The lights go out on Paul Castles while listening to Darkher’s debut release Realms, released via Prophecy Productions on 19 August 2016


Realms is one of the most ethereal and enchanting albums your ears are likely to tune into this year. A soundtrack of doom, despair and despondency but artistically crafted in a featherlite form that once sampled you can’t help but be drawn back into its magical powers. Darkher is essentially the work of Yorkshire chanteuse Jayn H. Wissenberg, whose dusty dulcet tones could scarcely illuminate this sparkling album more brightly than had it been set alight by a raging bonfire. The pace throughout is sedate, although not to the point of stationary.

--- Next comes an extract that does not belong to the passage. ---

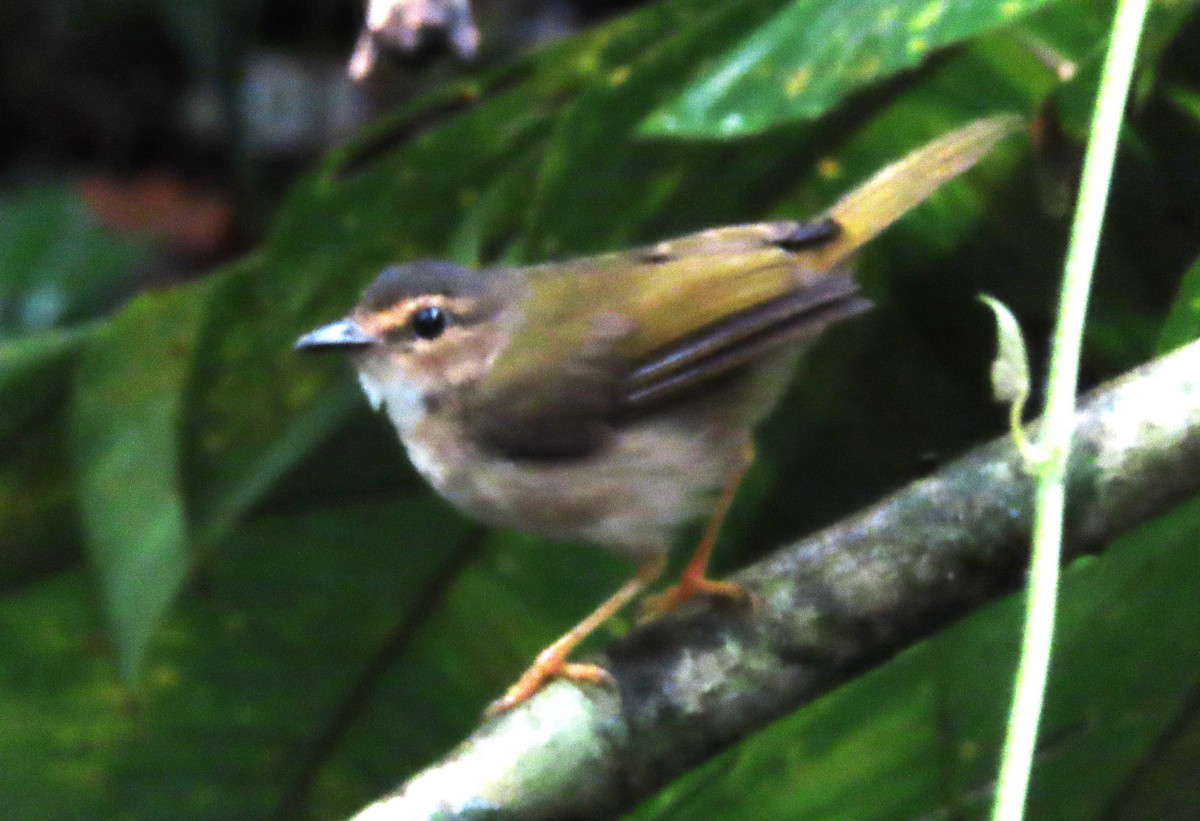 Riverbank Warbler - Rick Jacobsen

The contours are delicious and riding them is like hitching a lift on a giant fluffy cumulous nimbus looking down on everything from a great height. But while the grooves would gladden even the coldest of hearts Realms remains an overwhelmingly depressive album, twisted and very occasionally contorted by its own inner demons. The despair within is little short of tangible, and when Jayn releases one of her emotive wails you almost have to adopt a stiff upper lip to prevent yourself from crumbling into a distressed wreck.

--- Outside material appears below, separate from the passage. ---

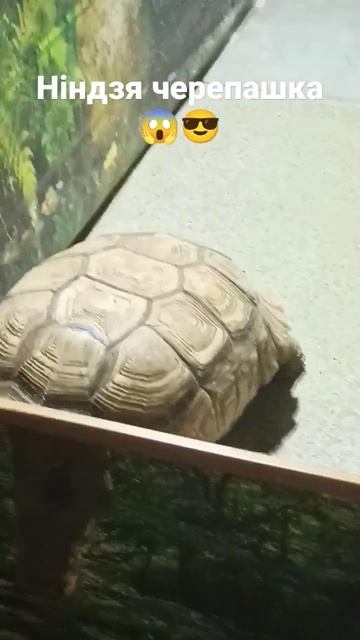 Виставка черепашок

Opening instrumental ‘Spirit Walker’ creates an eerie mood with its metronomic drone but it’s only with ‘Hollow Veil’ does this record really start to leave an impression. A crawling rhythm eventually allows Jayn’s softly textured tones to the fore and as this somber reflective piece goes deeper it eventually opens up into a cacophonous chamber in which the full remarkable range of Jayn’s vocals emerge sending shivers down the spine and then all the way straight back up to the nape of your neck. The mood is every bit as piercing with ‘Moths’ which gently meanders through the air a bit like, well yes a moth! The song climaxes in a crescendo of whooahs that fill the atmosphere with gothic splendour.

The start of ‘Wars’ is a droning echo that reaches out seemingly into some unseen pasture before a pulsing rhythmic beat enters to help shape the journey, the tempo quickening like a heartbeat scaling a hill before Jayn’s vocals add a human touch. Swept along fervently by a military style roll, ‘Wars’ eventually disarms into a misshapen melancholic state over which some haunting whispy cries circulate in the distance. As a tumultuous climax ensues on this poetic pageant of pain, cymbals start their own blood and thunder battles.

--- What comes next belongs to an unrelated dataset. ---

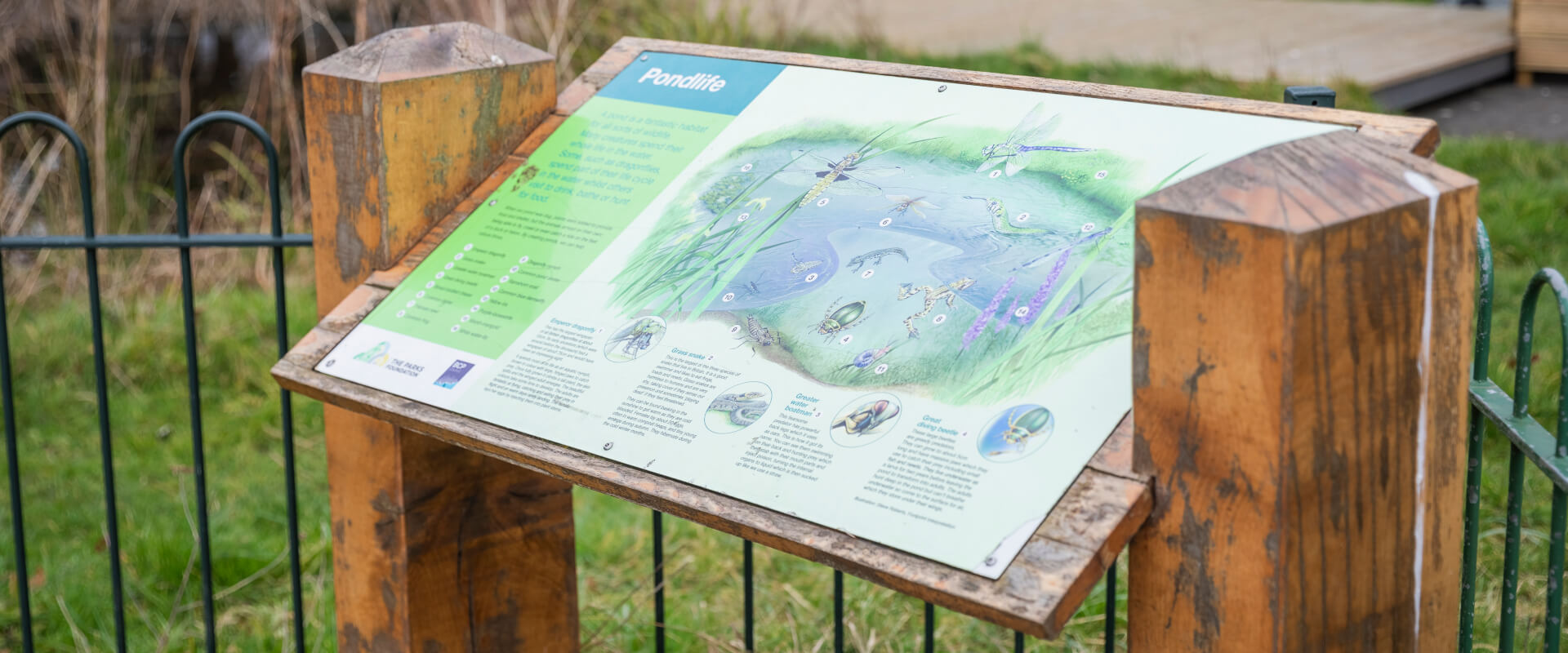 A sign providing information about a wildlife pond.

To say calm is restored with ‘The Dawn Brings A Saviour’ scarcely does the fragility of the next song justice. Gossamer thin, its almost frightening fragility is laid bare to the extent that the listener almost feels like an intrusive voyeur poking their nose into private grief. At times Jayn’s ability to manage her vocal range even at its most vulnerable moments is little short of breathtaking. And yet, as with everything Darkher, do the pull is magnetic and you’re almost left open-mouthed staring unblinking into a vacuous void.

The song ‘Buried’ is split into Parts I and II, the first of which is so dormant and docile that at first you almost wonder if there’s anything there at all. Eventually a siren drones listlessly, over which Jayn injects a few more pained and precise words. Part II is infinitely more oppressive, you almost feel  the hand of death is guiding you through a lyrical landscape through which mortality is all too transparent and the final steps into the barren abyss seem uncomfortably close for comfort.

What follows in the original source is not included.